WHAT IS NEEDED -
Please repeat exactly, and only, the lines from the one containing "Yellow Tussar Ghicha" through the end of the records below, with no pictures.

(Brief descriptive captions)
[Start of Attachment]

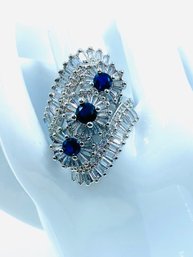 Stamped 925 Size 7 Ring W/ Created Sapphire Trio & C.Z. Stones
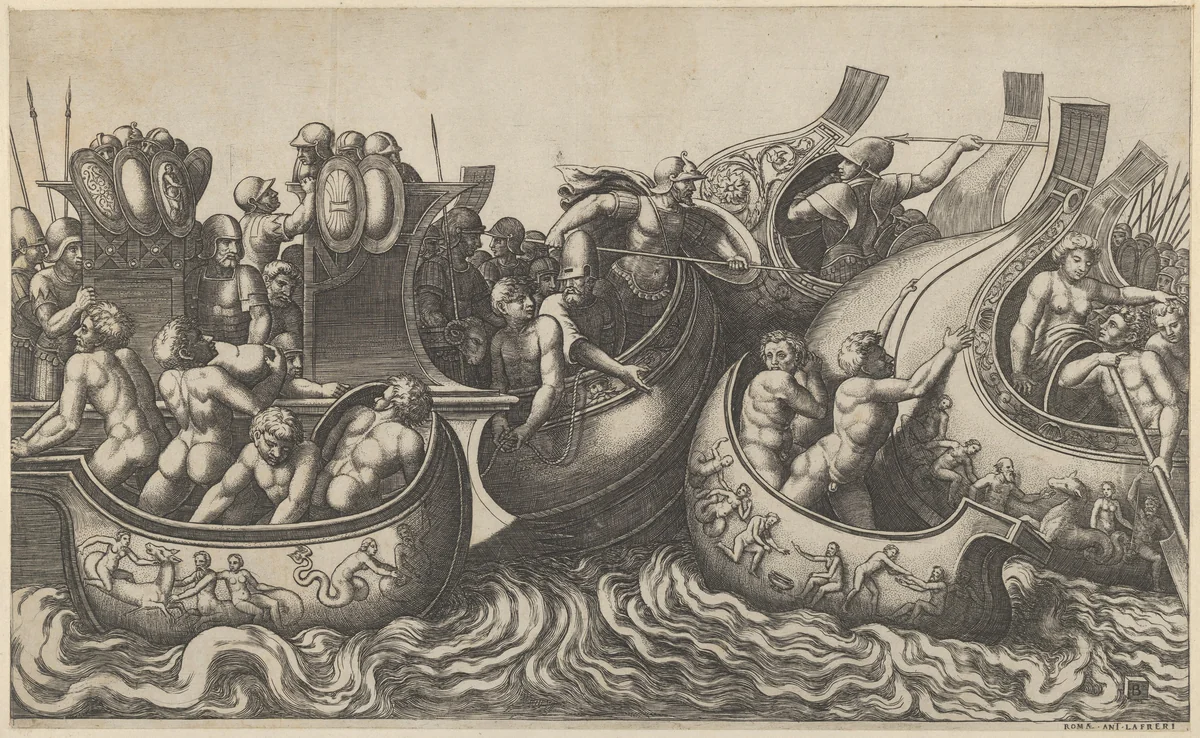 Naval Battle, from "Speculum Romanae Magnificentiae" by Master of the Die, print, 1525-1560
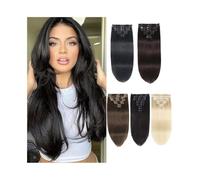 Hair Toppers for Women 10-26 Inch Clip in Human Hair Extensions 120g 8Pcs Brazilian Remy Hair Clip in Extensions Double Weft Straight Hair Extensions with 18 Clips Messy Hair Bun Hairpiece(Bleach Blon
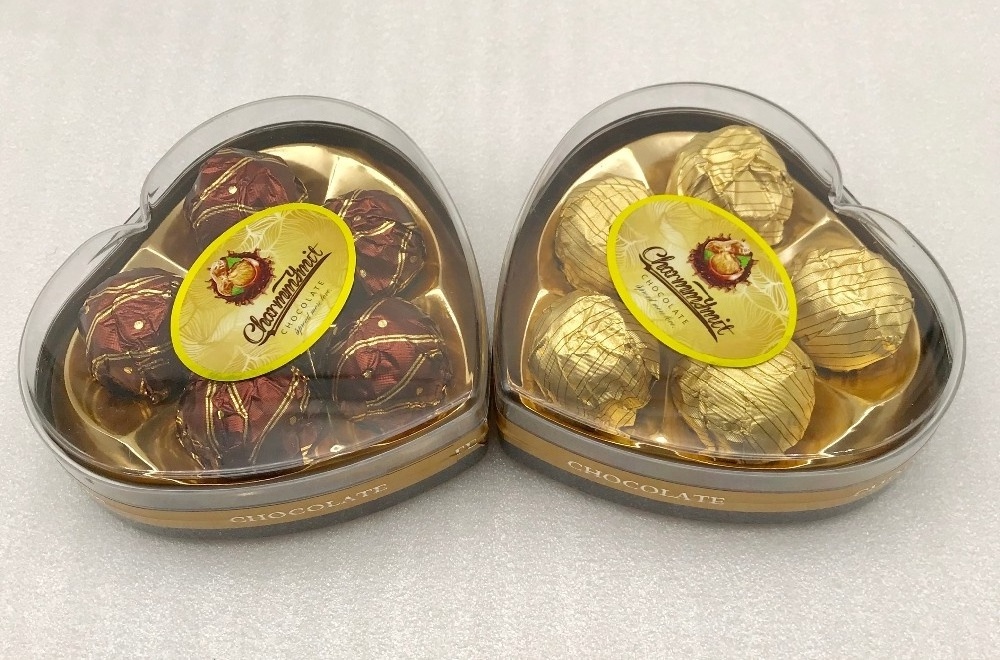 Celebration confectionery heart box round shape high quality chocolate wholesale china origin 62 grams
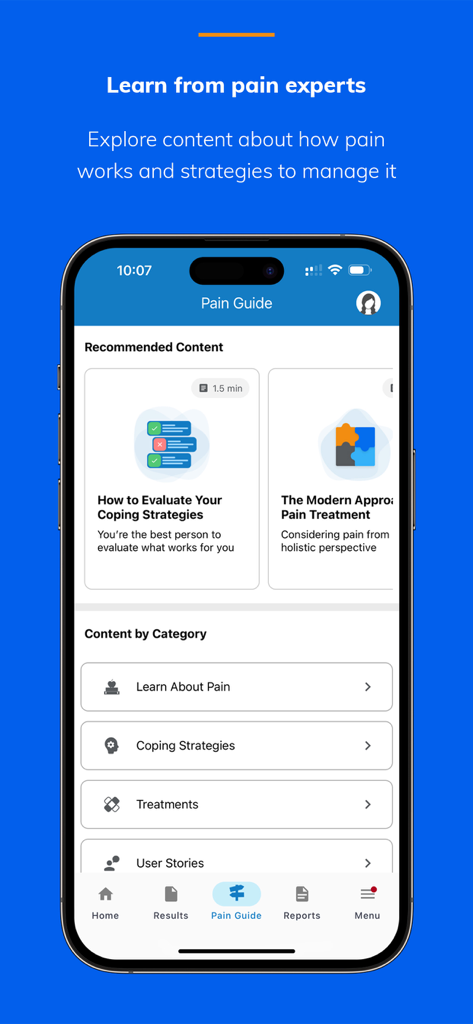 Manage My Pain - Pantalla de Guía de Dolor en la aplicación Manage My Pain que muestra artículos educativos y categorías de estrategias de afrontamiento para el manejo del dolor crónico.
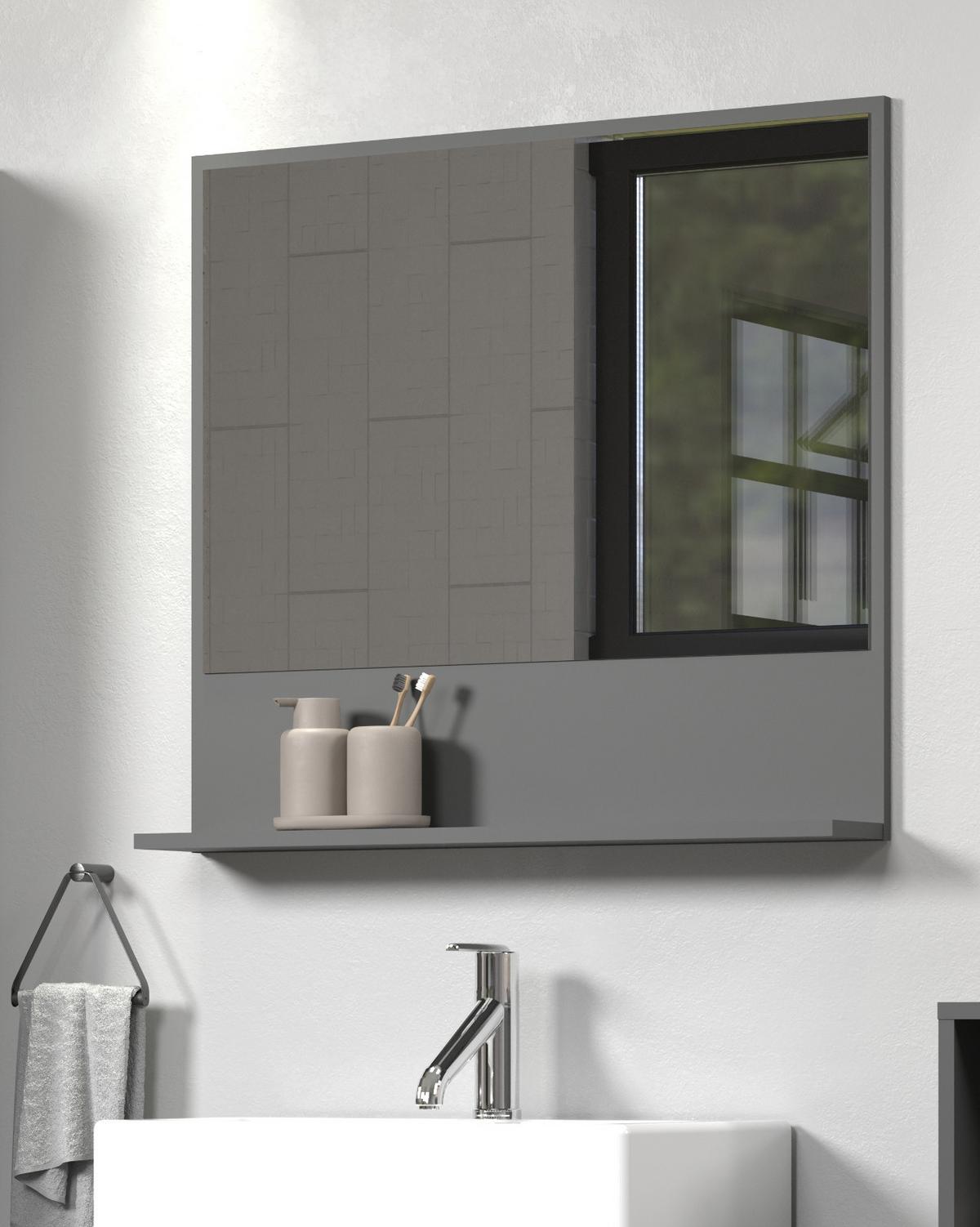 BADSPIEGEL grau 80 cm, Badezimmer Spiegel mit Ablage - Grau, Glas/Holzwerkstoff (80/74/14cm) - Top.Furn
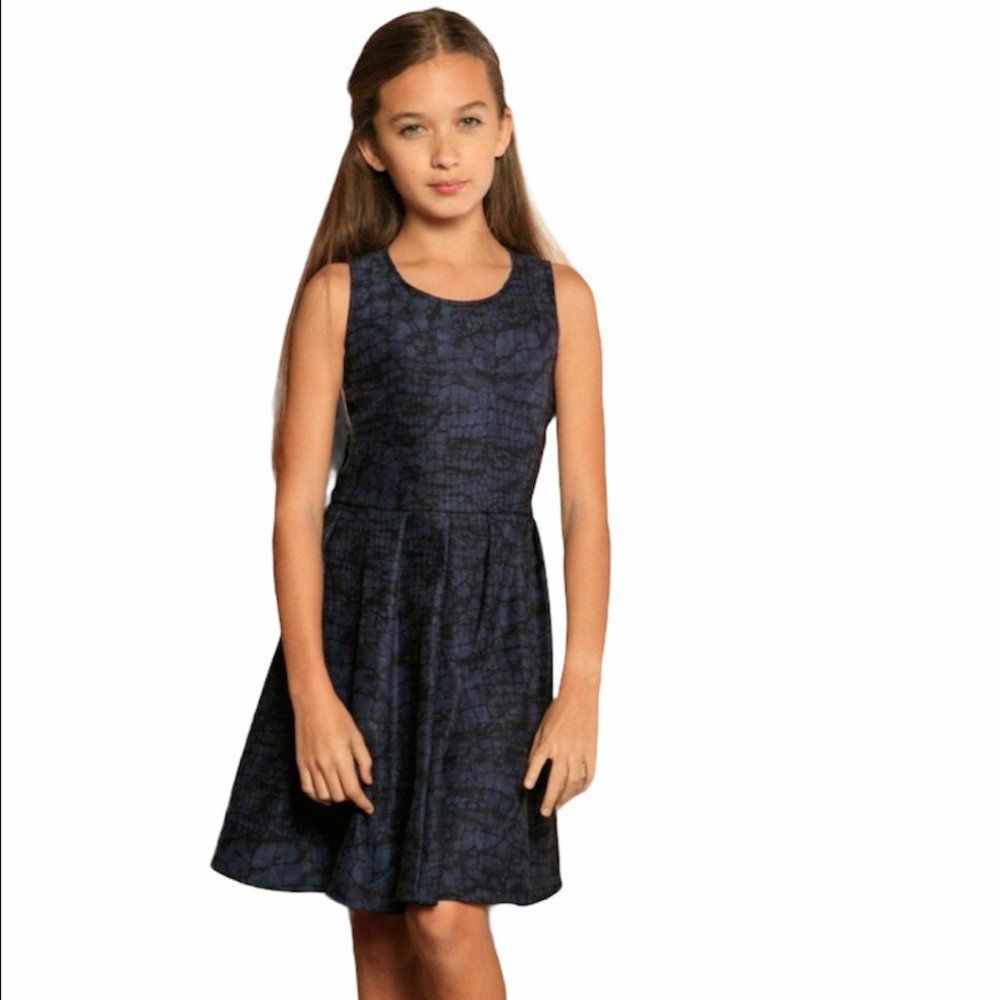NAVY ANIMAL PRINT SLEEVELESS SKATER FIT & FLARE PARTY DRESS - GIRLS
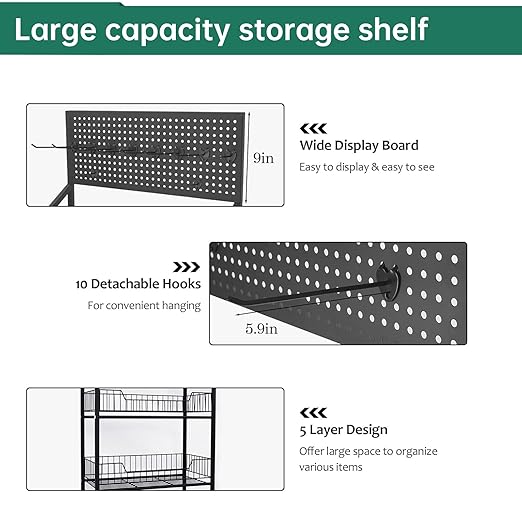 Retail Candy Snack Display Rack, 4-Tier White Metal Storage Shelf Brackets with Wheels & Hooks Multifunctional, Home Theater Concession Stand Snack Shelf Organizer for Pantry Kitchen, White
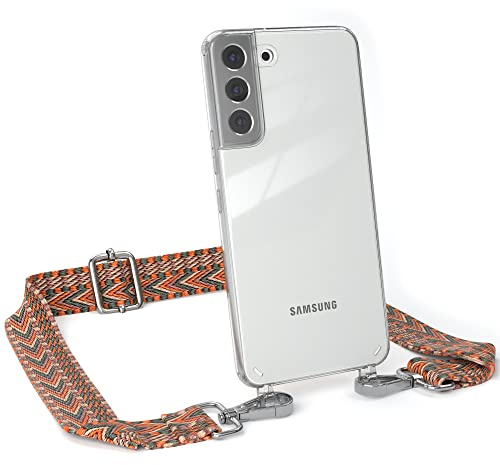 EAZY CASE Handykette - Verstellbares Taschenband kompatibel mit Galaxy S22 Plus 5G, Schulterriemen, Handykordel mit Silikon Hülle, Umhängetasche, Orange Grün Silber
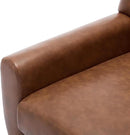 UIXE Faux Leather Accent Chairs Set of 4, Modern Arm Club Chair Upholstered Armchair for Living Room, Comfy Single Sofa Seats Button Tufted Reading Seating, Coffee by CozyNest Decor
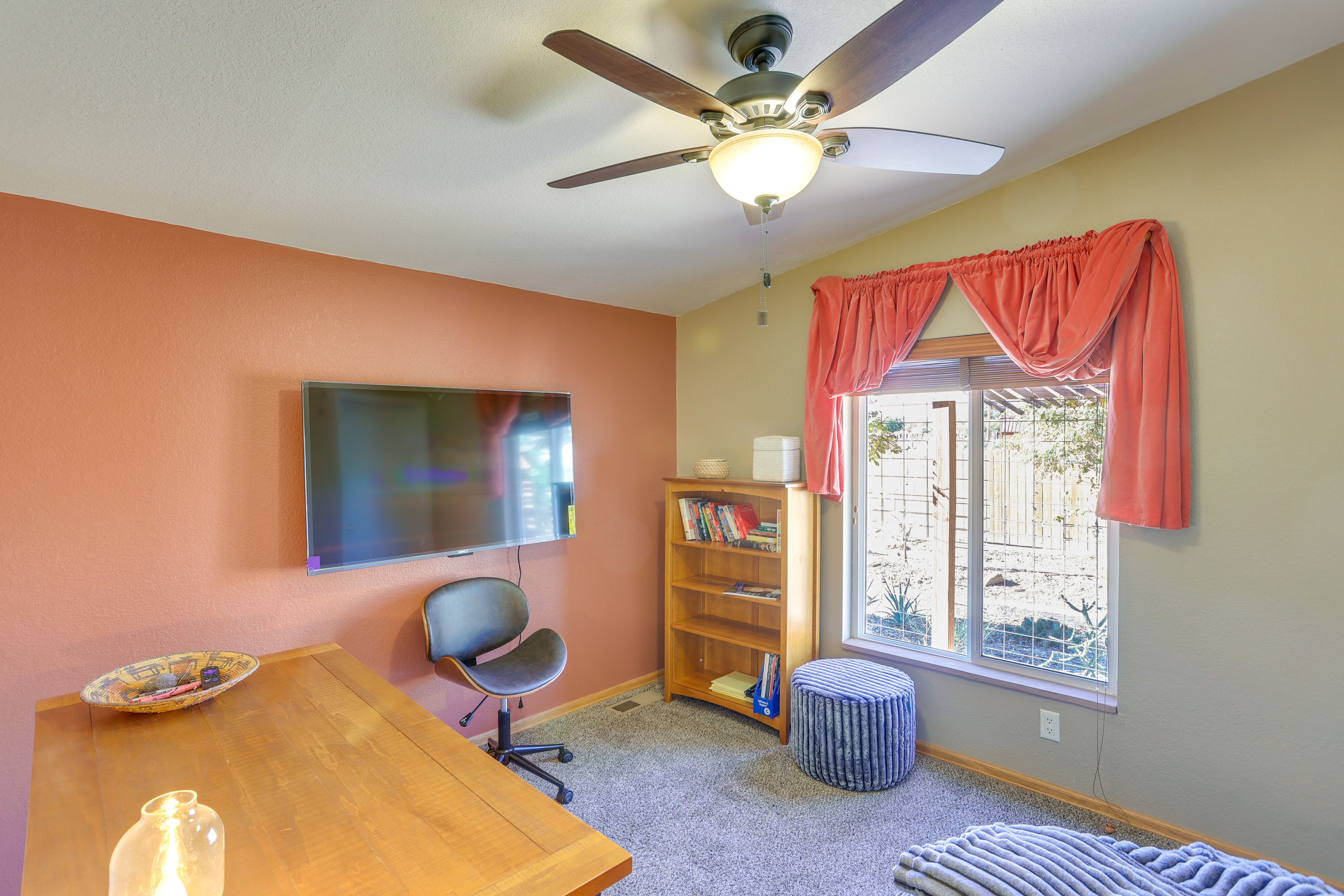 Office | 55" Flat-Screen TV | Dedicated Workspace | 2 Lovesac Beanbag Pieces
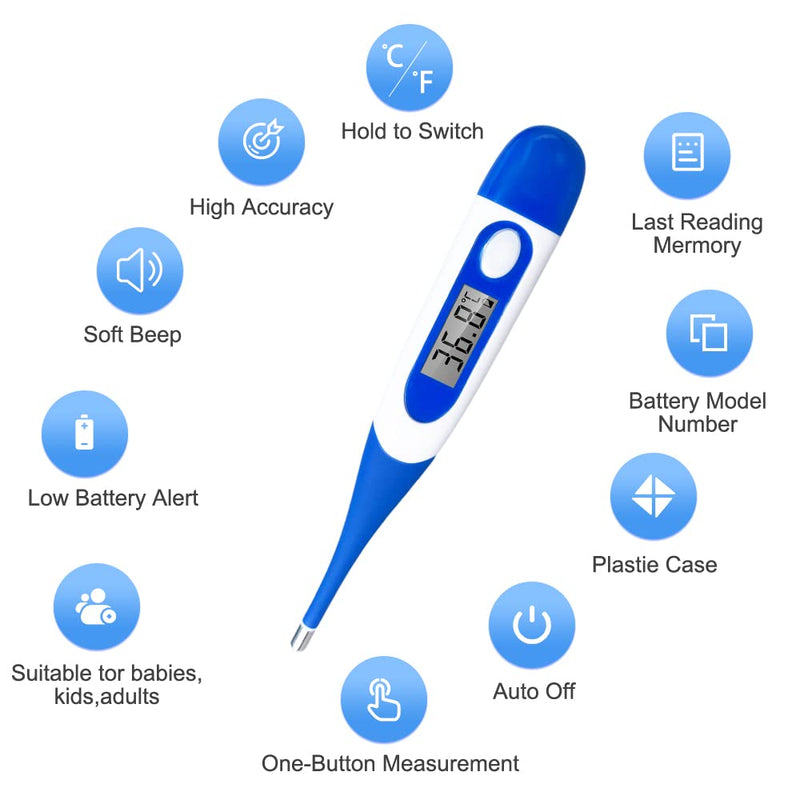 [Australia] - Berrcom Digital Thermometer for Adults, Oral and Underarm Thermometer for Baby and Kids Medical Thermometer with Fever Alarm Rectal Thermometer with Soft Tips DT-008 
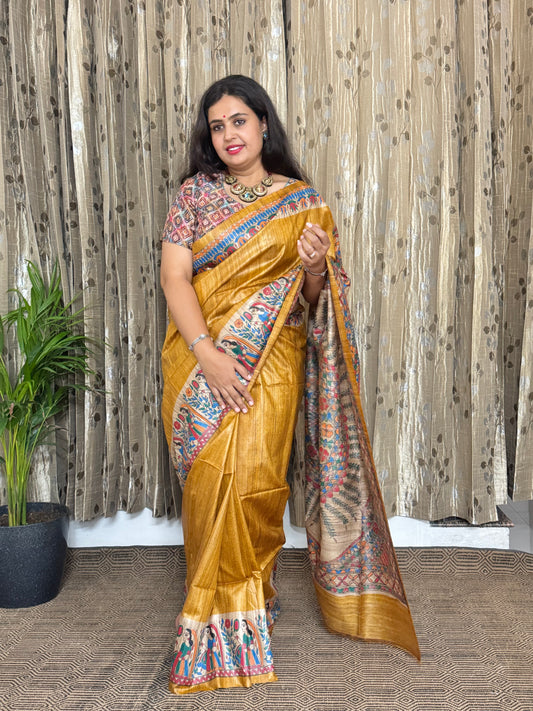 Yellow Tussar Ghicha Madhubani Silk Saree (BLOUSE)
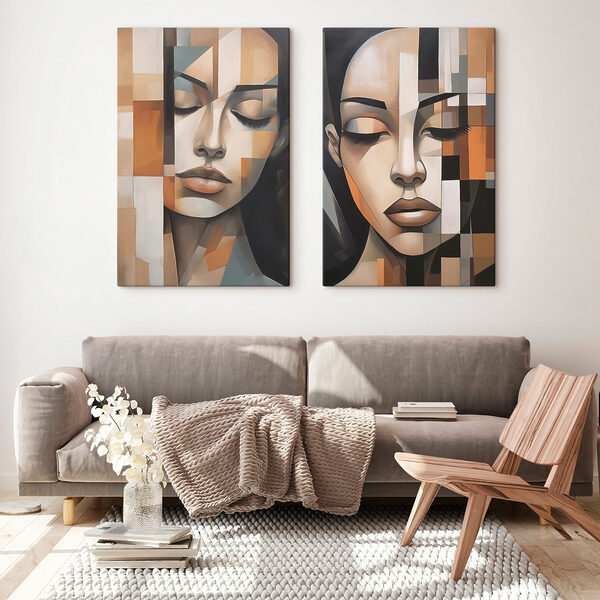 Two paintings of a woman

[End of Attachment]

TASK ANSWER -
 Yellow Tussar Ghicha Madhubani Silk Saree (BLOUSE)
 Two paintings of a woman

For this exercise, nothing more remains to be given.